Only once

It’s rarely as bad as we think it is.

It’s rarely as bad as we think it will be.

We put stakes on the things that happen to us and we never pause to think that it is us who determine how important outcomes are.

Is failing at a job truly that disastrous?

Is delivering a project late really so determinant of the company’s future success?

Is expressing our doubts or asking a difficult question truly going to jeopardize the relationship with a friend?

If a behavior is repeated across time, it is wise to take note and try to address it. But if it happens only once, is it really going to be that bad?

Probably not.

Time to heal

You need to give wounds proper time to heal.

Of course, you want to get back to work. Of course, you want people to accept your point of view and get back to their tasks. Of course, you are all working on something bigger and the time spent grieving is time not spent pursuing a new opportunity.

But wounds do not heal as fast as you’d want them to. People do not heal as fast as you’d want them to. You do not heal as fast as you’d want to.

Give it time. And in the process, do listen. You will learn something about wounds, people, and yourself.

Getting ready for the next wound.

Give before you ask

You have to give before you can ask.

Lead with your expertise, your point of view, your research, your data, your guests, your knowledge before you actually ask to sign up. Even better, never ask. Set up a vision for your world so unique and appealing that people will want to be part of it without you even having to ask.

Sometimes you might get lucky. You might have people onboard before you have to do anything. That “free trial” banner might get enough curiosity for it to actually have an impact on your top line.

But don’t let luck misdirect you.

You have to give before you can ask.

Blessings

Mistakes are a blessing.

If you have the patience to acknowledge them, accept them, analyse them, and discuss them, they are the easiest and surest way to become better at what you are trying to do.

Tension

We live in the tension between a version of us we despise and a version of us we would like to become.

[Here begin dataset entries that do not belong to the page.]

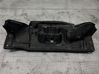 Air micro filter air duct channel part 64316921597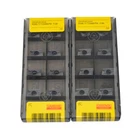 20pcs R390-11T304M-PM 1130 NEW Milling Inserts CNC Carbide Inserts R390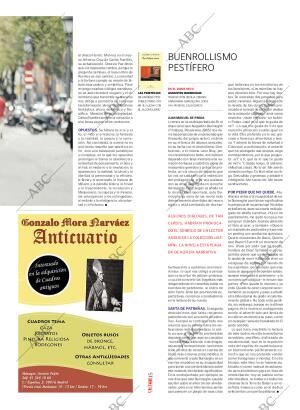 CULTURAL MADRID 18-10-2008 página 15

And we also live in the tension between our failures, which we see so vividly, and other people’s successes, which we fantasise a lot about.

When we get going, we often reach for the positive extreme. We are at our best and we aim to emulate those who have succeeded before. We know we can. Then we meet criticism, bad weather, rejection, difficulties of various kind, and we fall to the negative extreme. We are suddenly incapable to complete the most trivial task, unworthy of anybody’s attention, care, empathy.

Most reality, though, happens in the middle. And that’s also where we can anchor to achieve real and incremental progress.

It’s when we embrace the version of us we are today and the work we are doing today – neither bad nor good – that we get rid of the tension and we can start enjoying the journey.